Short web captions
[Start of section]
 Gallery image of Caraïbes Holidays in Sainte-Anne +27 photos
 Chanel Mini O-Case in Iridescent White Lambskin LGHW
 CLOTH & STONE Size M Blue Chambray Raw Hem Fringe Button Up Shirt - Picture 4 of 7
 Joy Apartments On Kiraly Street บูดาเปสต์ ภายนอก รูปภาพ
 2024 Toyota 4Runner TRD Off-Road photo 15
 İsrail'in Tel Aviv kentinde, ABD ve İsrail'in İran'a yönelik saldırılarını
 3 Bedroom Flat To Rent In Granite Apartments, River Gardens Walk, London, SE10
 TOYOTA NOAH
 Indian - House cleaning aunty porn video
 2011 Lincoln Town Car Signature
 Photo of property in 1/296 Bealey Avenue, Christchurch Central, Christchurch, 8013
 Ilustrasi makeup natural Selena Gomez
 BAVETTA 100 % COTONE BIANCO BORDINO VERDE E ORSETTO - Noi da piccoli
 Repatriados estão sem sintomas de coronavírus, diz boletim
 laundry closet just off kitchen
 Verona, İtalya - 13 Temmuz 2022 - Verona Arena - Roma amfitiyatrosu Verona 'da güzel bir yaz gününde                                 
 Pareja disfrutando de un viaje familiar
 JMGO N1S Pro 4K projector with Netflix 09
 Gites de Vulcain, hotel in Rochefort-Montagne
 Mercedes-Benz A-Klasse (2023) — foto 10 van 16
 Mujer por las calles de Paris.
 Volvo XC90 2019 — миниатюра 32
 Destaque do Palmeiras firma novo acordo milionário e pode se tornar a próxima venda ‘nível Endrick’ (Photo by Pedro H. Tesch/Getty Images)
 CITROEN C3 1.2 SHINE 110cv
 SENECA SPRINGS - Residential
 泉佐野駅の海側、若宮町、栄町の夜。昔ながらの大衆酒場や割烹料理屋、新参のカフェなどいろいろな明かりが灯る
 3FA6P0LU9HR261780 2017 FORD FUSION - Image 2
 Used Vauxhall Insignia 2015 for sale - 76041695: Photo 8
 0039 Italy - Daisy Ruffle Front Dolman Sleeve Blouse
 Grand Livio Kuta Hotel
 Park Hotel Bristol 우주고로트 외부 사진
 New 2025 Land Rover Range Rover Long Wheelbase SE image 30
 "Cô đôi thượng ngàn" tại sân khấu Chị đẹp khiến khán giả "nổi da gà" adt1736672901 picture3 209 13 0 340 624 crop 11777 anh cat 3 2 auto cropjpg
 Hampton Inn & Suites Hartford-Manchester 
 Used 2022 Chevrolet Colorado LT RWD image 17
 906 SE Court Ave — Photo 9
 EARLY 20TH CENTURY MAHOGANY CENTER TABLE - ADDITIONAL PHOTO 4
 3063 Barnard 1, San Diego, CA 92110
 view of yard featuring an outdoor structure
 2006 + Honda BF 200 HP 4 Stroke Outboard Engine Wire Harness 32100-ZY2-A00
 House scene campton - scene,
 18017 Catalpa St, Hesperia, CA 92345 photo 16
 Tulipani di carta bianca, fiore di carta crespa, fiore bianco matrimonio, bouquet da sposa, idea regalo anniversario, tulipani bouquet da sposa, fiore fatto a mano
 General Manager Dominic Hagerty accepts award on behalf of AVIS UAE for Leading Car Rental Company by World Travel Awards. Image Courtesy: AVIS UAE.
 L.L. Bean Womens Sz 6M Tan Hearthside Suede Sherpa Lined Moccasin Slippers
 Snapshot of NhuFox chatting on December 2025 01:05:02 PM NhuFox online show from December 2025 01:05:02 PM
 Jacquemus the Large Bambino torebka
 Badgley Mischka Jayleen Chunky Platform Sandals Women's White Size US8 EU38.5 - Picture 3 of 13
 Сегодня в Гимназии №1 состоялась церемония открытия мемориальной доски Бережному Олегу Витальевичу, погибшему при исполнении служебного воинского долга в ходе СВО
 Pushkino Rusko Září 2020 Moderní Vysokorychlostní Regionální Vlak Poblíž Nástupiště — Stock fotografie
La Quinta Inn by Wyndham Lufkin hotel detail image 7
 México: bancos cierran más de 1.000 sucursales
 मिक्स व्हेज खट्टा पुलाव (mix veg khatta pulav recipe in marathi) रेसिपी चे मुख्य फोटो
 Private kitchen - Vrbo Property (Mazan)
[End of section]
Nothing should appear in the answer except the lines above from the line with "CITROEN C3 1.2 SHINE 110cv" through the line with "18017 Catalpa St, Hesperia, CA", both included, written out exactly.

§ TASK OUTPUT:
 CITROEN C3 1.2 SHINE 110cv
 SENECA SPRINGS - Residential
 泉佐野駅の海側、若宮町、栄町の夜。昔ながらの大衆酒場や割烹料理屋、新参のカフェなどいろいろな明かりが灯る
 3FA6P0LU9HR261780 2017 FORD FUSION - Image 2
 Used Vauxhall Insignia 2015 for sale - 76041695: Photo 8
 0039 Italy - Daisy Ruffle Front Dolman Sleeve Blouse
 Grand Livio Kuta Hotel
 Park Hotel Bristol 우주고로트 외부 사진
 New 2025 Land Rover Range Rover Long Wheelbase SE image 30
 "Cô đôi thượng ngàn" tại sân khấu Chị đẹp khiến khán giả "nổi da gà" adt1736672901 picture3 209 13 0 340 624 crop 11777 anh cat 3 2 auto cropjpg
 Hampton Inn & Suites Hartford-Manchester 
 Used 2022 Chevrolet Colorado LT RWD image 17
 906 SE Court Ave — Photo 9
 EARLY 20TH CENTURY MAHOGANY CENTER TABLE - ADDITIONAL PHOTO 4
 3063 Barnard 1, San Diego, CA 92110
 view of yard featuring an outdoor structure
 2006 + Honda BF 200 HP 4 Stroke Outboard Engine Wire Harness 32100-ZY2-A00
 House scene campton - scene,
 18017 Catalpa St, Hesperia, CA 92345 photo 16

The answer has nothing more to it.